BEGIN Task material
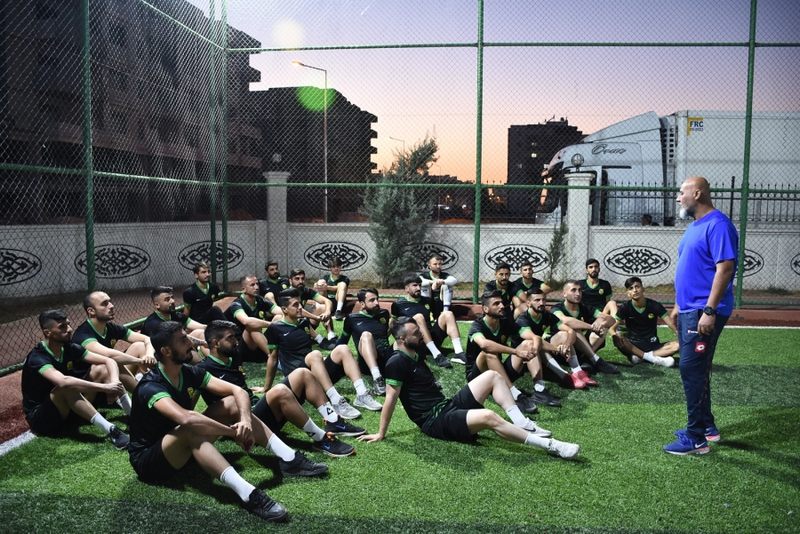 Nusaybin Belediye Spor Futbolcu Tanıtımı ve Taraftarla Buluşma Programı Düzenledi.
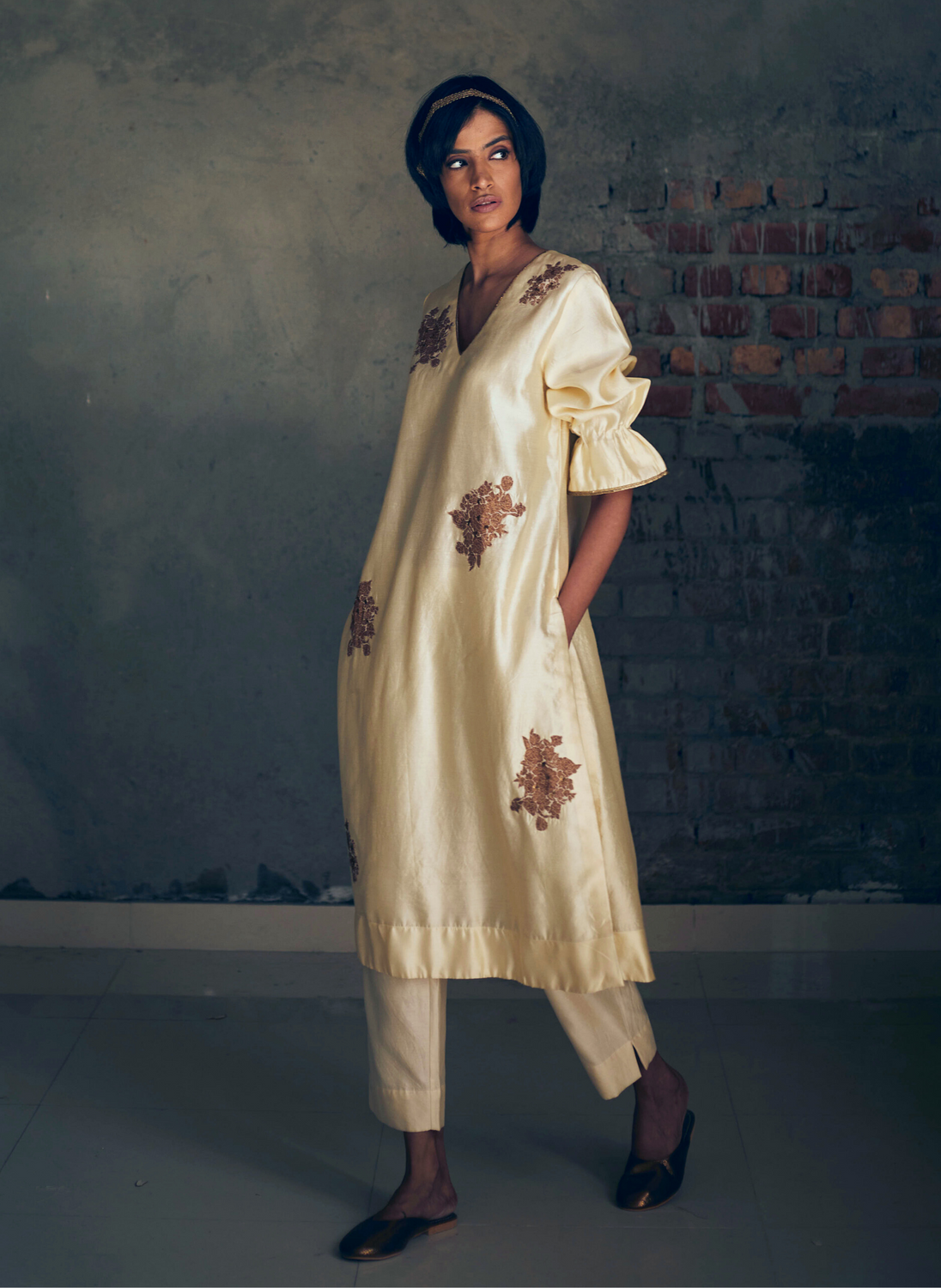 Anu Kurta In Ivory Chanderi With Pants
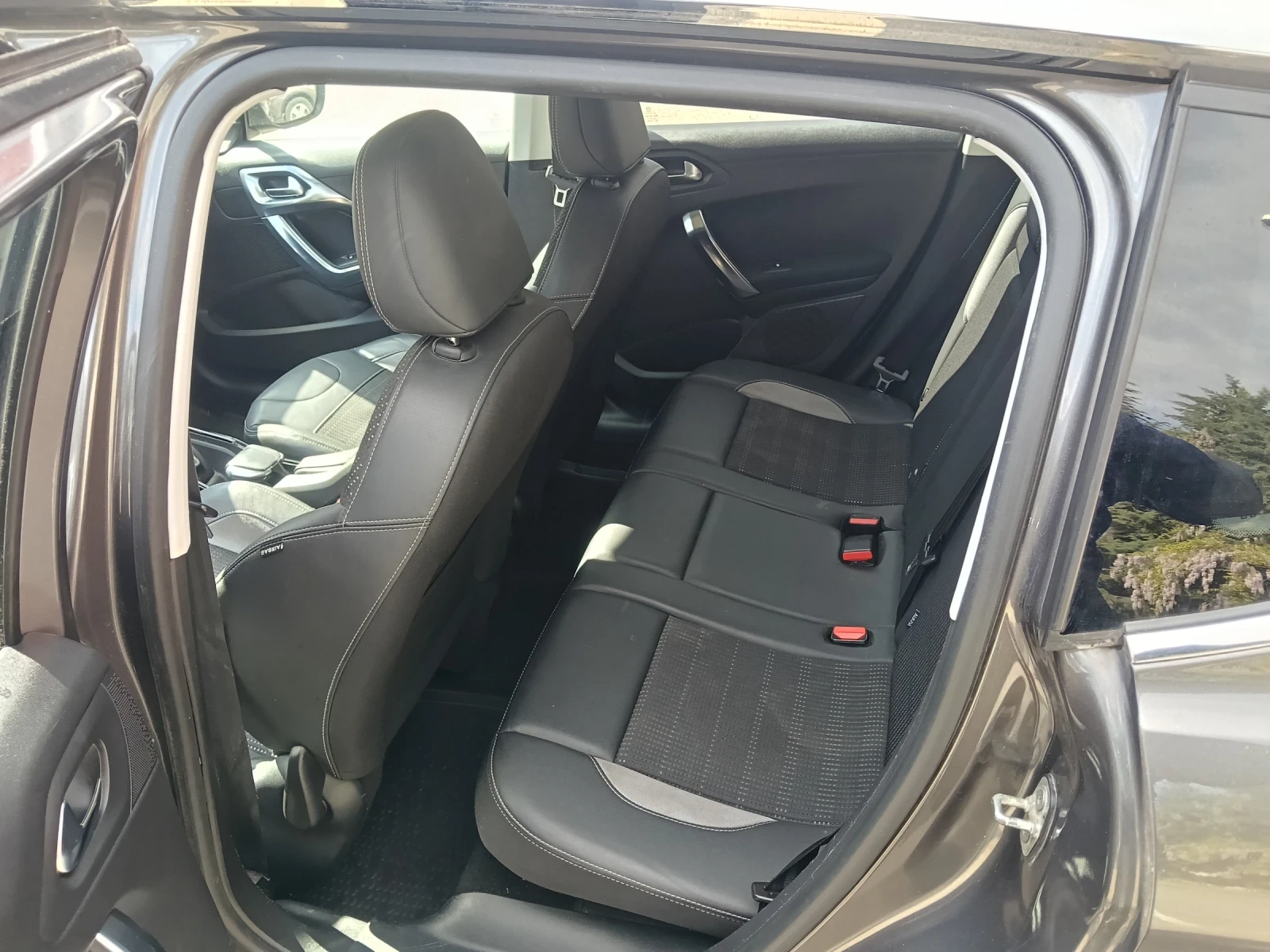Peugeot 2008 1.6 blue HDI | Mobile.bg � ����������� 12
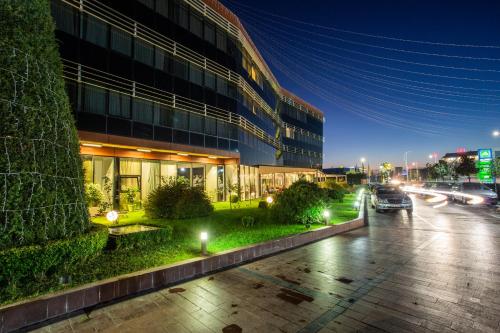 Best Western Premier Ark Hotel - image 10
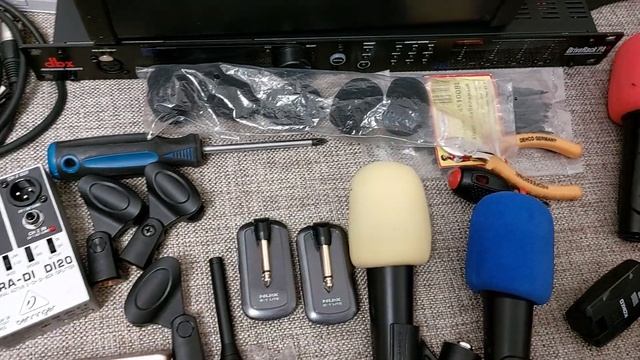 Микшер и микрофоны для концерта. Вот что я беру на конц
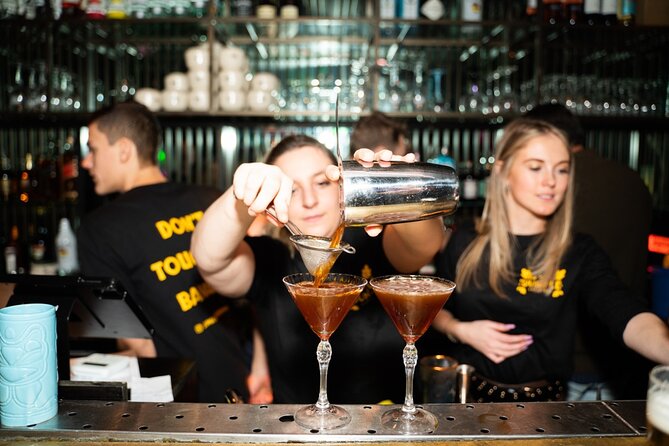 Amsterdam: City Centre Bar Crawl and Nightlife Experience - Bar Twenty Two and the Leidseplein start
END Task material
* Task instructions
Reproduce the data above word for word, but leave the images out.

* Result below
 Nusaybin Belediye Spor Futbolcu Tanıtımı ve Taraftarla Buluşma Programı Düzenledi.
 Anu Kurta In Ivory Chanderi With Pants
Peugeot 2008 1.6 blue HDI | Mobile.bg � ����������� 12
 Best Western Premier Ark Hotel - image 10
 Микшер и микрофоны для концерта. Вот что я беру на конц
 Amsterdam: City Centre Bar Crawl and Nightlife Experience - Bar Twenty Two and the Leidseplein start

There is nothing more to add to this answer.